Onstad entered the professional game in 1987, joining the Vancouver 86ers of the Canadian Soccer League. He moved to the Winnipeg Fury from 1988 to 1989, then to the Toronto Blizzard for 1990 and 1991. Returning to Winnipeg in 1992, he had his best Canadian Soccer League season, winning both the CSL Championship and the CSL Goalkeeper of the Year Award. The Canadian soccer landscape of that era was an intricate patchwork of leagues and clubs, and Onstad navigated it with consistency, adding a year with the Toronto Rockets of the APSL in 1994 and a season with the Montreal Impact in 1995 before a stint with the Edmonton Drillers of the indoor NPSL in 1996 and then the Toronto Lynx of the A-League in 1997.

His arrival at the Rochester Raging Rhinos in 1998 marked a significant step forward. That year he allowed only thirteen goals in twenty-six regular season games, an average of extraordinary stinginess, and was named the A-League Goalkeeper of the Year. He helped Rochester win the A-League title in 1998, and the following year, in 1999, the Rhinos made history by becoming the only lower-league club to win the U.S. Open Cup since Major League Soccer's founding, a landmark achievement for American soccer outside the top division. Onstad was named to the All-League second team that year.

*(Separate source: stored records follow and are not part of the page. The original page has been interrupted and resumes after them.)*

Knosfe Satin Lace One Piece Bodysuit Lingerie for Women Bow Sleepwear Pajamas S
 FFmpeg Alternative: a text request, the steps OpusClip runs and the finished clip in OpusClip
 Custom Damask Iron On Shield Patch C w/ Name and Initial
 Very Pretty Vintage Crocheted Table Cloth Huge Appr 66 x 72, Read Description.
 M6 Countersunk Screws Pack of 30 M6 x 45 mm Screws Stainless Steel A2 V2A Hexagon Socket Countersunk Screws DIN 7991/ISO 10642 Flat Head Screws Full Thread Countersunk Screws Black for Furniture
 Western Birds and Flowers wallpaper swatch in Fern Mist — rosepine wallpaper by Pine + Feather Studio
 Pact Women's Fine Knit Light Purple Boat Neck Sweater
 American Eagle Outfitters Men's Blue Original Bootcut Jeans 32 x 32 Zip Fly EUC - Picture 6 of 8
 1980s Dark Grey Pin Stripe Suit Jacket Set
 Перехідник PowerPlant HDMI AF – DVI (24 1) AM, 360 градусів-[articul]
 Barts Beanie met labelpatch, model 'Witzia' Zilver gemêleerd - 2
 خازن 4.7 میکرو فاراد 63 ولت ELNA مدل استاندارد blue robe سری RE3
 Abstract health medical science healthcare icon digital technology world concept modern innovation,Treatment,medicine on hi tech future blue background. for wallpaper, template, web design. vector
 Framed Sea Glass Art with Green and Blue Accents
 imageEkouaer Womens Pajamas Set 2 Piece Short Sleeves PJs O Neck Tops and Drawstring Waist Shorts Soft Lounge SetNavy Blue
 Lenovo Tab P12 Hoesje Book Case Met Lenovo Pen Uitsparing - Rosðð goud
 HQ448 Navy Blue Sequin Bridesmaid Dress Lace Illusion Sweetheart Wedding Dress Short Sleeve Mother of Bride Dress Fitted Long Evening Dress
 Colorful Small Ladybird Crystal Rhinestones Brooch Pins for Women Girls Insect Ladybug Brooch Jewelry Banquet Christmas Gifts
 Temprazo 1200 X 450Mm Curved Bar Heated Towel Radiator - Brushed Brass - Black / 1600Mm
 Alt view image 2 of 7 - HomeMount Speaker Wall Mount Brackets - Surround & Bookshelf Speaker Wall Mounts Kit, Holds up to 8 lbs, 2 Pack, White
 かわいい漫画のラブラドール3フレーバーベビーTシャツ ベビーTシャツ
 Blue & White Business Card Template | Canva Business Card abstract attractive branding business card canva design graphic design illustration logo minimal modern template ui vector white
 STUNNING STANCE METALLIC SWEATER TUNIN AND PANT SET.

In 1999, the Scottish club Dundee United signed Onstad for the 1999-2000 and 2000-2001 seasons, a move that represented a rare transatlantic journey for a North American goalkeeper of his generation. The experience proved frustrating rather than fulfilling: as third-string goalkeeper behind Alan Combe and Paul Gallacher, Onstad did not play a single minute with Dundee United's first team. He returned to Rochester in 2001, though a wrist injury kept him largely sidelined that year, before rebounding with strong form the following season.

The defining chapter of his playing career began on March 13, 2003, when the San Jose Earthquakes signed him as a discovery player to replace Joe Cannon. The Earthquakes, coached by Frank Yallop, were one of the strongest clubs in MLS, and Onstad proved an ideal fit. He helped lead San Jose to the 2003 MLS Cup, their second championship in three years, and won the MLS Goalkeeper of the Year Award. In 2005, he supported the Earthquakes to an undefeated home record, the first time any MLS team had achieved that, and the club won the MLS Supporters' Shield that year. He won a second MLS Goalkeeper of the Year Award and was named to the MLS Best XI in both 2003 and 2005.

When the San Jose franchise relocated to Houston for the 2006 season, Onstad moved with his teammates and became a founding member of the Houston Dynamo, playing every minute of the regular season in that inaugural year and contributing to what would become another championship club. He retired on December 21, 2010, after Houston declined his contract option and he went unselected in the MLS Re-Entry Draft. His international record for Canada was equally distinguished: he made his senior debut on February 18, 1988, against Bermuda, and went on to play sixty games over a twenty-two-year international career. His final appearance came in a friendly against Argentina on May 24, 2010, when at forty-two years and one hundred and thirty-one days old he became the oldest player ever to represent Canada, surpassing the record set by David Norman in 1994. After retirement, Onstad transitioned to management, eventually serving as General Manager of the Houston Dynamo and being inducted into the Canadian Soccer Hall of Fame in November 2015.